Your goal:
Please reproduce all entries word for word, leaving every image behind.

---------- Data section ----------

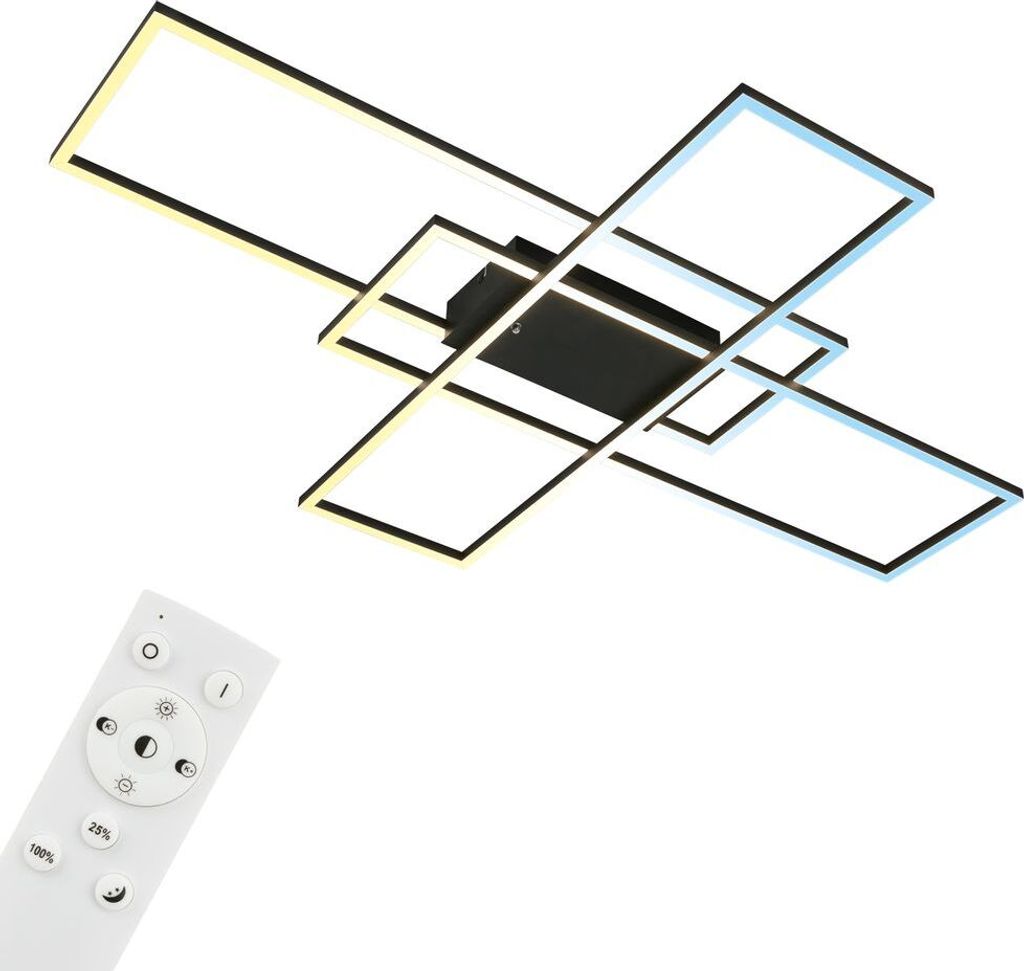 Briloner Roami Lampada da soffitto a LED, dimmerabile, Immagine del prodotto 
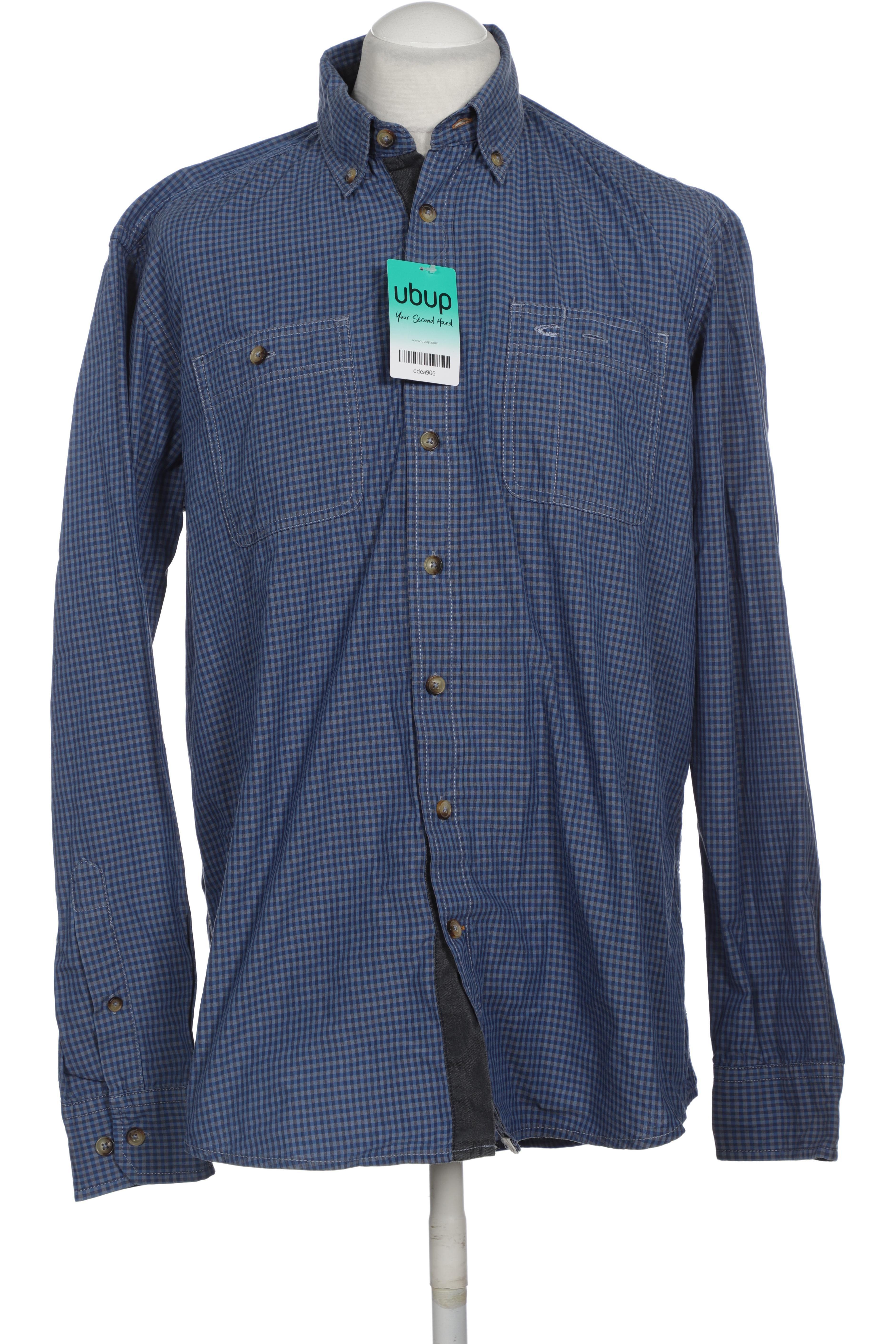 

camel active Herren Hemd, blau, Gr.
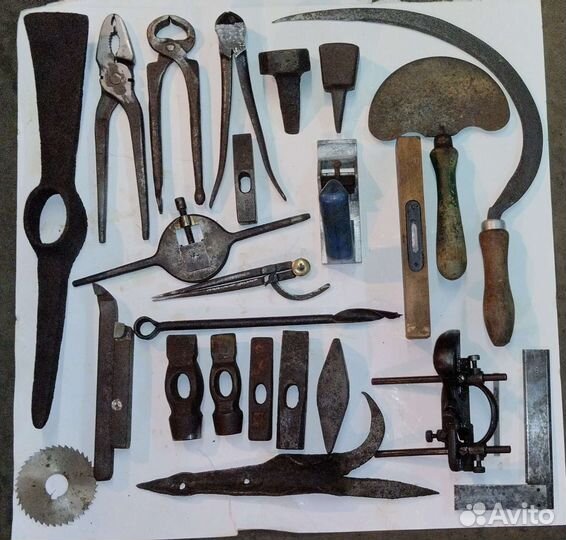 Хоз инструмент СССР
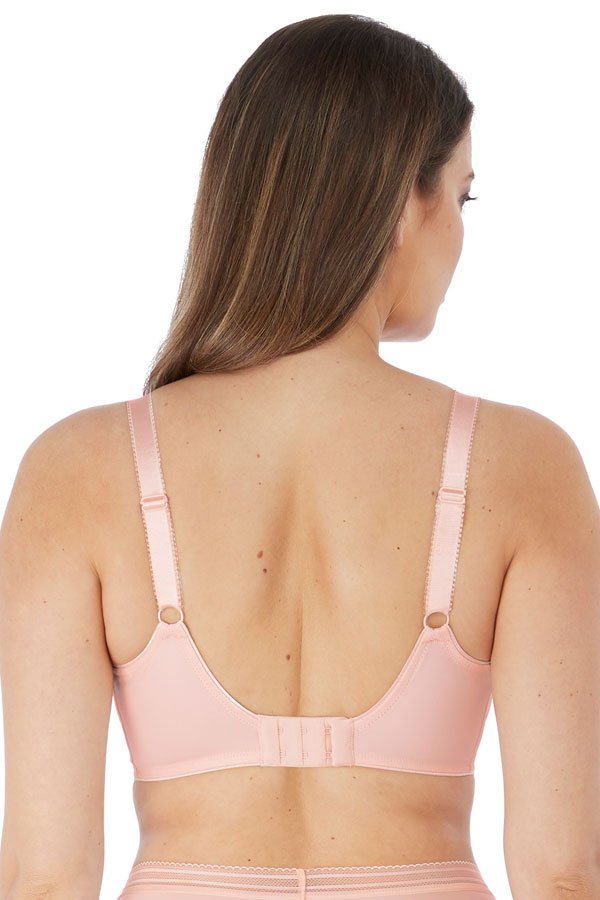 Fantasie Fusion Underwire Full Cup Side Support Bra - Blush - source image 39571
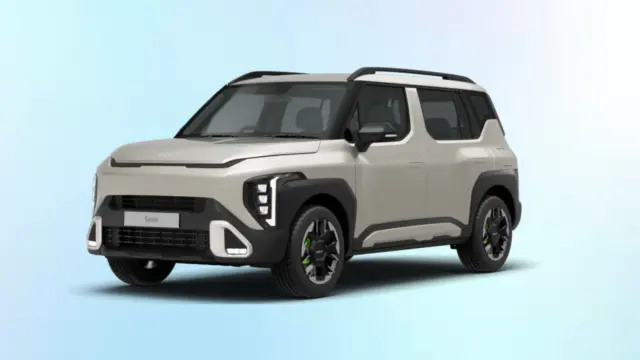 Kia Syros Flex Fuel Concept Kia Syros Flex Fuel Concept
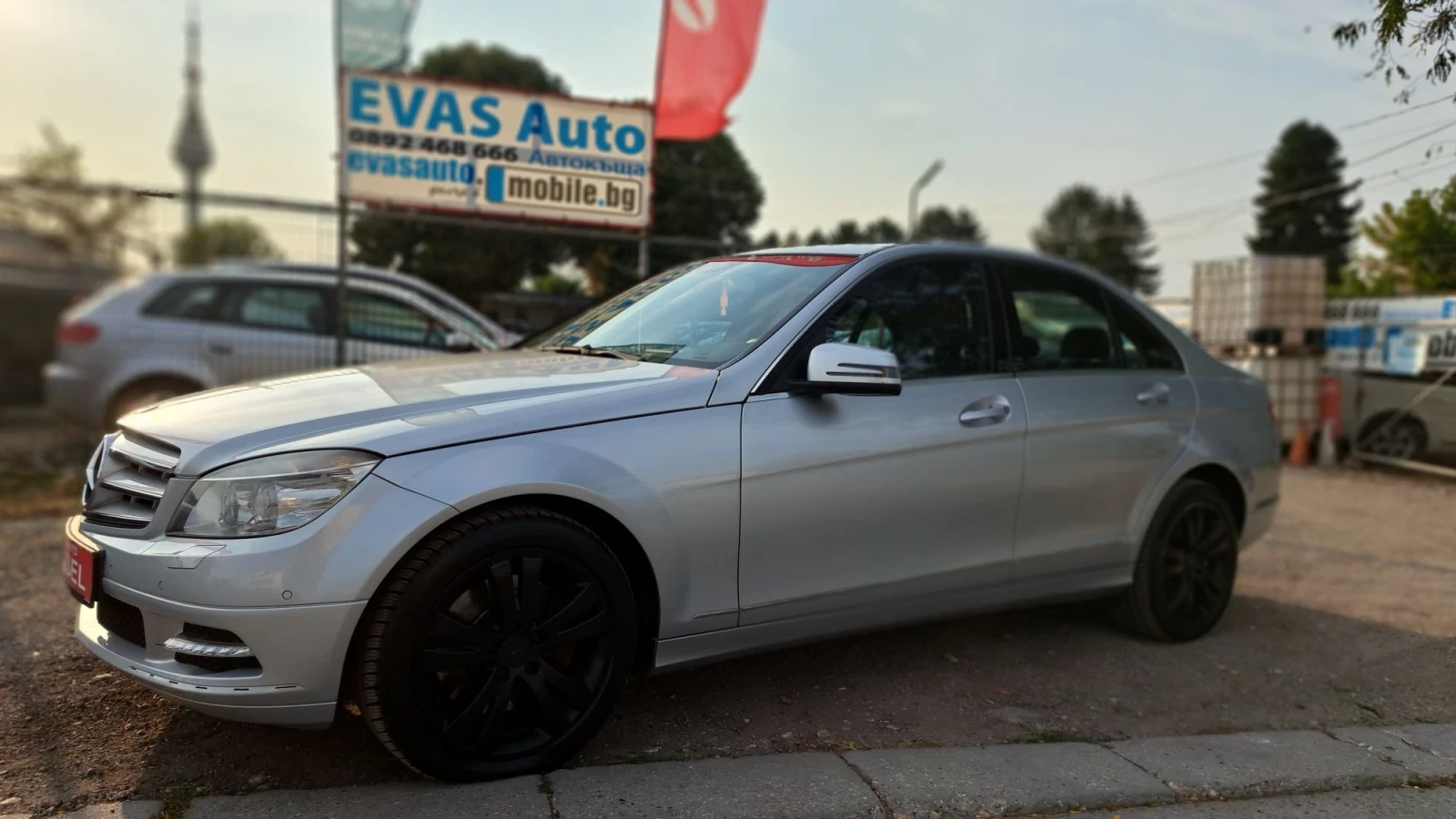 Mercedes-Benz C 350 3.0CDI-231K.C
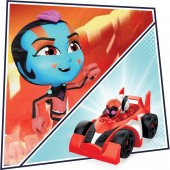 Eroi in pijama Animal Power Smash and Zoom Racetrack F5935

----------

Solution for this task:
 Briloner Roami Lampada da soffitto a LED, dimmerabile, Immagine del prodotto 

camel active Herren Hemd, blau, Gr.
 Хоз инструмент СССР
 Fantasie Fusion Underwire Full Cup Side Support Bra - Blush - source image 39571
 Kia Syros Flex Fuel Concept Kia Syros Flex Fuel Concept
 Mercedes-Benz C 350 3.0CDI-231K.C
 Eroi in pijama Animal Power Smash and Zoom Racetrack F5935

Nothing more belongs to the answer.